| What you are asked to do |
Your reply should set down word for word each line below from the one with "Art Deco Engagement" through the final line, both included, but none of the pictures.
Start of Data below
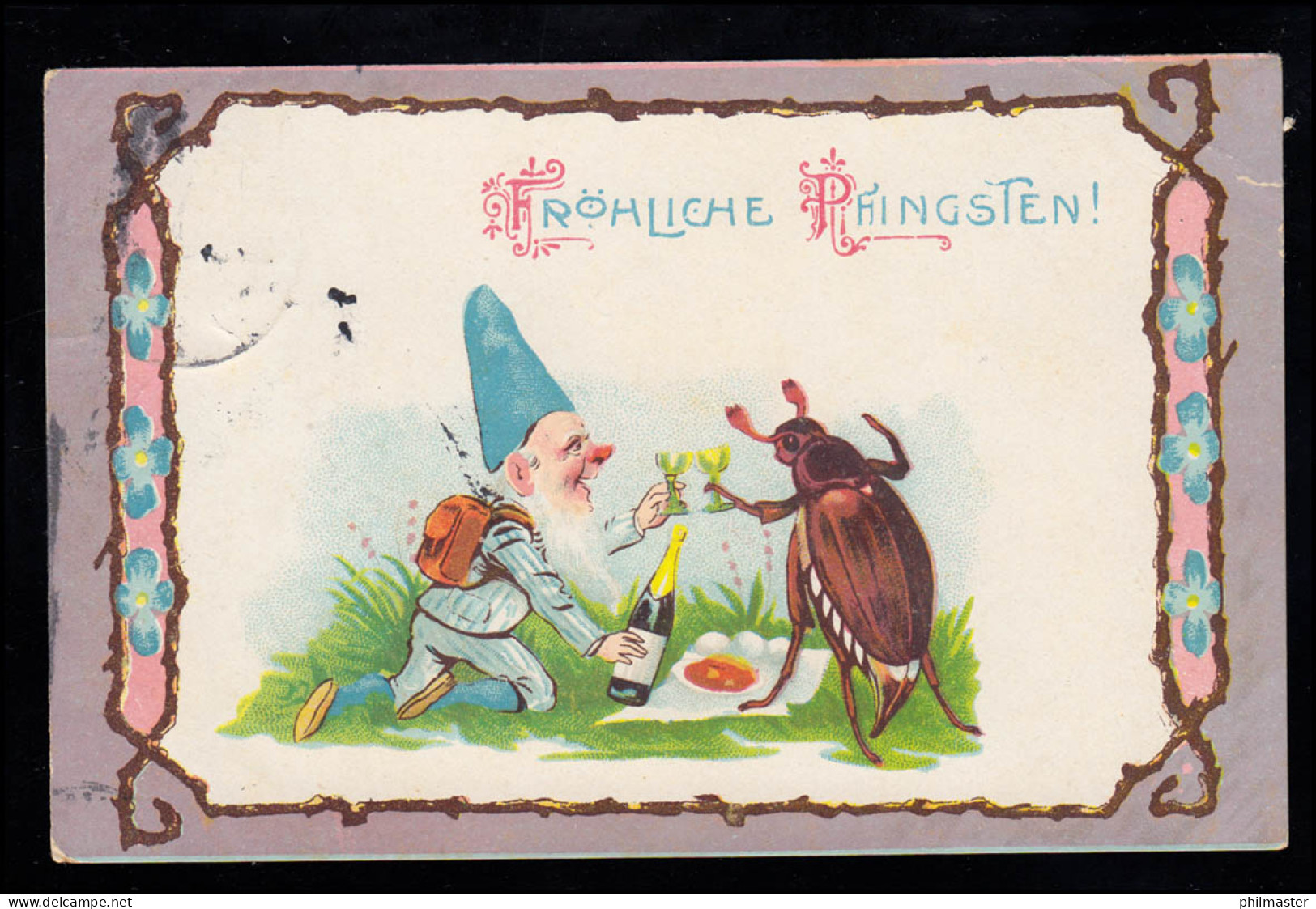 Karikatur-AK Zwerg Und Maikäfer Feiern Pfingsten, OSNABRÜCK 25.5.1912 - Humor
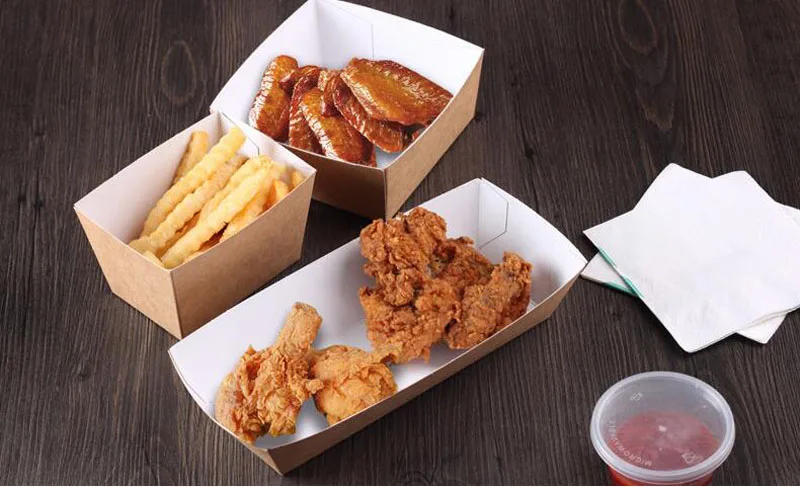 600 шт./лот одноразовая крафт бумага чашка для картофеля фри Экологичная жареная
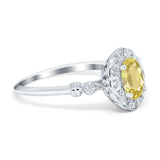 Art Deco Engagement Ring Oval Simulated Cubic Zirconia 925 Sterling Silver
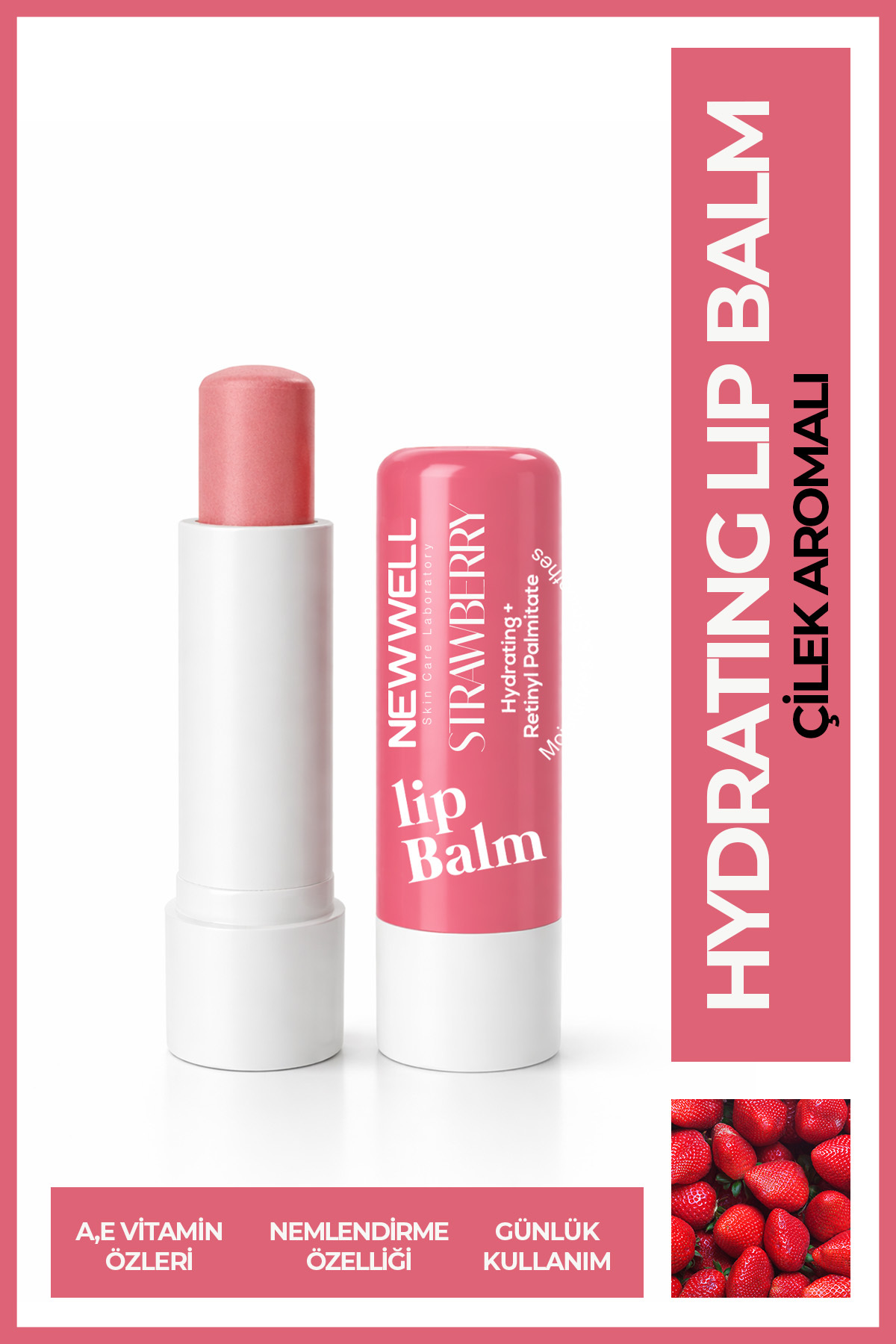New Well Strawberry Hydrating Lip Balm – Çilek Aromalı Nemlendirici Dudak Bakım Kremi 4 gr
End of Data below
| Exercise response |
 Art Deco Engagement Ring Oval Simulated Cubic Zirconia 925 Sterling Silver
New Well Strawberry Hydrating Lip Balm – Çilek Aromalı Nemlendirici Dudak Bakım Kremi 4 gr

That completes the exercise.